The 400-Word Review: Wilson
By Sean Collier
March 28, 2017
BoxOfficeProphets.com
Towards the end of the alleged comedy Wilson, I remember thinking that the film felt like a failed attempt to ape Ghost World. This was without knowing that the film is, in fact, written by Daniel Clowes, based on his own graphic novel; Clowes is the author and screenwriter of Ghost World.
So, then, Clowes rehashed and regurgitated his own ideas after growing older and more jaded, and a movie eventually happened. And — unlike the fresh and heartfelt Ghost World — it isn’t a good movie.
Wilson follows its title character, played by Woody Harrelson, as he reconnects with ex-wife Pippi (Laura Dern) and discovers that she had his child; Pippi gave the baby up for adoption. In a flagrant violation of ... you know, everything, Wilson tracks the now-teenage girl and tries to reconnect.
The unavoidable issue: Wilson is irritating, crass, hateful, misogynistic and entirely unlikable. Harrelson works hard to find some heart in him, but there is simply nothing in the text to support this. Textually, that makes Wilson just another story in which a patently unsupportable man ends up with two separate intelligent and desirable women for no reason other than a general tendency of writers to believe their male characters far more worthy of affection than they truly are. But more broadly, it makes the experience of watching Wilson utterly awkward; the viewer will have no choice but to accept that the character deserves not only failure but proper comeuppance, and thus will be baffled when the script continues to treat him as sympathetic and redemptive.
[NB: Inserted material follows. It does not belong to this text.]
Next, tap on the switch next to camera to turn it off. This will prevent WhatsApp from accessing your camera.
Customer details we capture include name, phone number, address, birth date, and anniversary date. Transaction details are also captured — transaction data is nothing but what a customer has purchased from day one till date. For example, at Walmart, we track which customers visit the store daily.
Too much? Simply: this guy is a jerk and you’ll want him to fail, but the movie wants him to win. That’s no way to make a movie.
Heartfelt and careful performances are given by Dern and Judy Greer, as Wilson’s dogsitter; both actresses and characters deserve to be removed from this film and placed in another where they can exist as fully realized humans rather than condiments to the tasteless beef patty that is Wilson. Ditto for Margo Martindale, who may be the film’s only fully sympathetic character... so Wilson ignores her completely. She appears in two scenes.
Wilson is not without its laughs, as the acerbic, comic sensibilities of its writer are handled well by Harrelson. But if anyone knows why a movie about an annoying guy behaving stupidly should be fun to watch, please let me know.